Doctors miss >50% of the life-threatening complications of pregnancy. We are an ML platform that integrates into the EHR to flag high-risk patients as early as their 1st visit, so doctors can intervene months before delivery.
Over 80% of cases of maternal mortality are preventable with earlier intervention (CDC). Risk assessments in the status quo have low high-risk detection rates, which hurt a doctor’s ability to administer preventative care and ensure safe, healthy deliveries.
Doctors currently miss more than 50% of patients who have life-threatening complications and wait until labor to start doing manual risk assessments, at which point it's too late.
Each of these complications cost providers between $3K-15K per case and can cost payors up to $75k per case.
These major pregnancy complications cost insurers >$55B annually!
📚Quick Quiz: Hemorrhage (excessive bleeding) is the #1 killer of moms during labor. What percent of all moms that hemorrhage do you think doctors currently identify as high risk?
✔️Answer: 22%. Yep, in 2023, doctors have to manually tabulate a risk assessment when patients are on the delivery bed and still fail to classify >75% of hemorrhage cases as high risk. Elythea catches 2x-3x more hemorrhaging patients as early as the first visit, evolving over the course of a pregnancy with patient visits.
Earlier intervention and improved clinical preparation have been shown to prevent nearly two-thirds of severe maternal complications. Elythea's ML models flag high-risk patients as soon as the first visit and evolve over the course of a pregnancy.
We automatically analyze relevant demographic and clinical risk factors, flag high-risk patients, and provide evidence-based interventions, giving doctors weeks to months in advance to intervene and prevent complications from ever happening.
We predict risk for conditions like postpartum hemorrhage, preeclampsia/eclampsia, emergency C-section, preterm labor, and more.

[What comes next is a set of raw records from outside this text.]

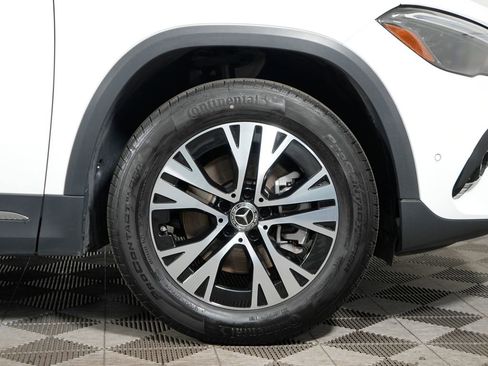 Certified 2025 Mercedes-Benz GLA 250 4MATIC image 12
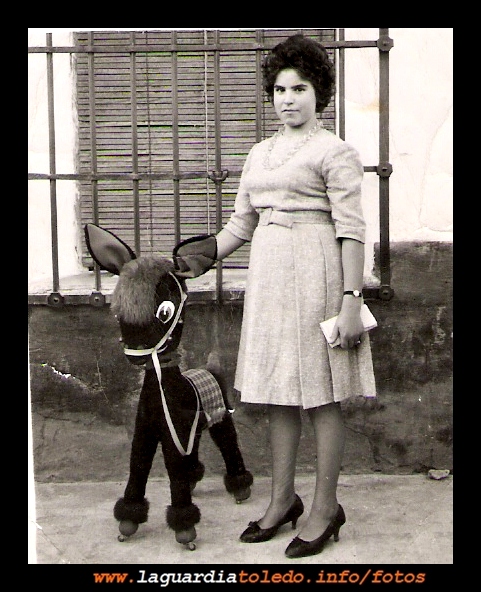 Pili
María del Pilar Guzmán López  (15 años tiene) familia de” los Navarros”
Palabras clave: familia de” los Navarros”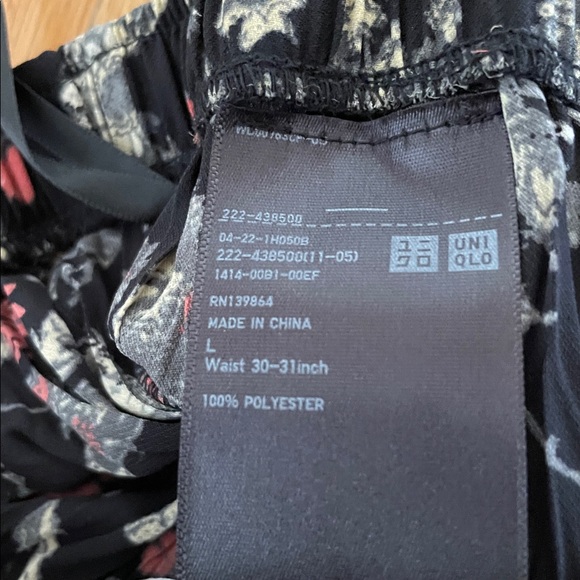 Uniqlo Black Floral Maxi Skirt - Picture 4 of 4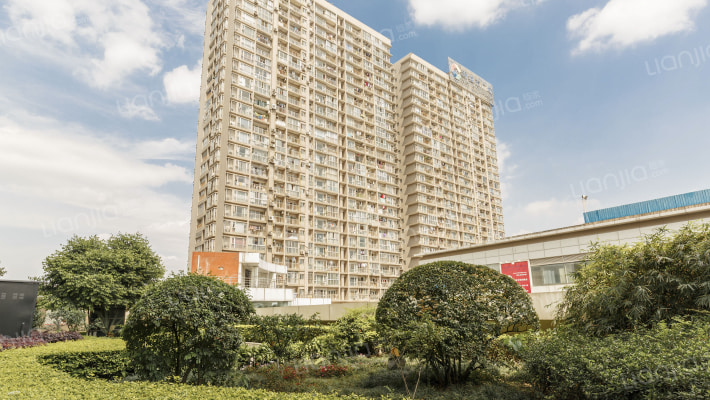 新城市广场外景图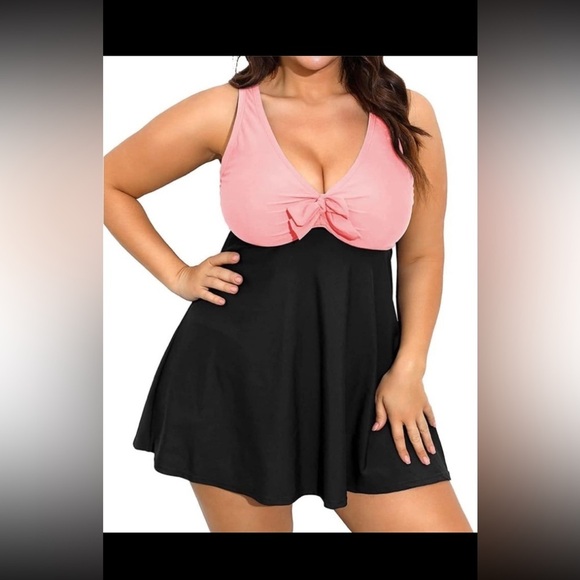 Nleyook Women’s Plus Size Cut Out Swimsuit One Piece NWT size 24 - Picture 1 of 12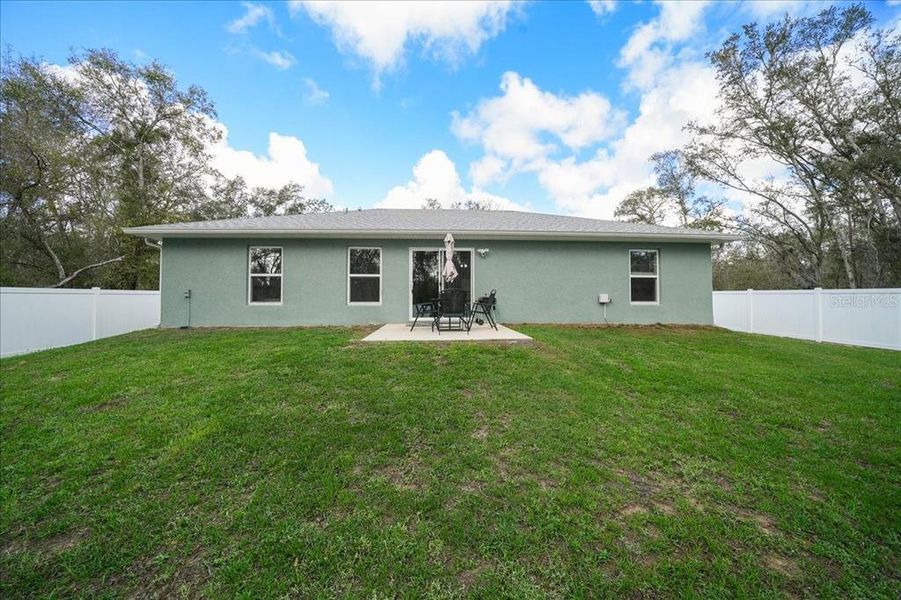 Exterior details and patio area of a home in , Ocklawaha (Image 27).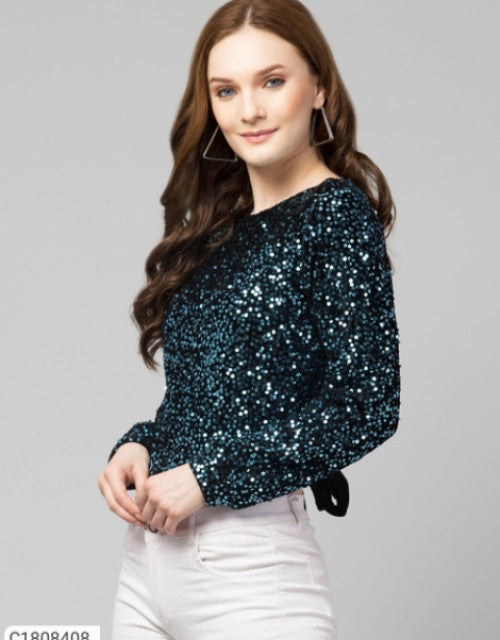 woman top-7 green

We have completed prospective international clinical studies across USA, Cameroon, and Nigeria demonstrating that our models have better performance than current gold-standard clinical tools. Our global clinical studies have shown that we can catch 2-3x more moms with complications than current clinical risk assessments >10x sooner.
Reetam was on the medical school track to be a high-risk obstetrician and read all the standard OBGYN medical textbooks. He came across this problem after interviewing 80+ obstetric providers, where the vast majority pointed him toward the direction of postpartum hemorrhage and hypertensive complications.
Reetam previously founded Junior Medical Academy, a global medical education nonprofit accessible to students across 30+ countries, and Survivor Central, a national platform matching survivors of sexual assault/domestic violence with medical/legal/financial resources. He has 1st authored >15 accepted medical publications, including in multiple Nature Journals. He studied cancer engineering at Brown and left medical school to work on Elythea full-time.